_EXERCISE PROMPT:_ When you reach the line containing "A bedroom with" in the entries below, start writing out each line exactly, and stop after the line containing "children grabbing Halloween".

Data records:
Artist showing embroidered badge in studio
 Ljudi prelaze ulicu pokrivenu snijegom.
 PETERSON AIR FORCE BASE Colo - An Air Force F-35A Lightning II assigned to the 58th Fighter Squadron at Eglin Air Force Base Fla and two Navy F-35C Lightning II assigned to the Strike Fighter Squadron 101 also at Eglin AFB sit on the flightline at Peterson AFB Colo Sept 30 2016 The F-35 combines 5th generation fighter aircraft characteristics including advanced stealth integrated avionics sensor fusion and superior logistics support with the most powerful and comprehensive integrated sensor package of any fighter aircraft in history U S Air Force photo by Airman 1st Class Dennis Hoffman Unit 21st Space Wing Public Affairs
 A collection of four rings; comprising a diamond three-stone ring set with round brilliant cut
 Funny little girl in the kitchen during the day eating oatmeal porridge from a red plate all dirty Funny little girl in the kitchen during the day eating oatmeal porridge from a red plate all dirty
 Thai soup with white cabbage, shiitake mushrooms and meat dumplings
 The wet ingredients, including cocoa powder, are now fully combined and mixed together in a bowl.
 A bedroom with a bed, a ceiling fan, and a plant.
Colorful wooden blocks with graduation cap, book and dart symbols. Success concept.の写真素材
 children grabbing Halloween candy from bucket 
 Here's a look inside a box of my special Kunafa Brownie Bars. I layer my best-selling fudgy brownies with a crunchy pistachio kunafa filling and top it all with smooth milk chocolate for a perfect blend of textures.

_RESULT:_
 A bedroom with a bed, a ceiling fan, and a plant.
Colorful wooden blocks with graduation cap, book and dart symbols. Success concept.の写真素材
 children grabbing Halloween candy from bucket 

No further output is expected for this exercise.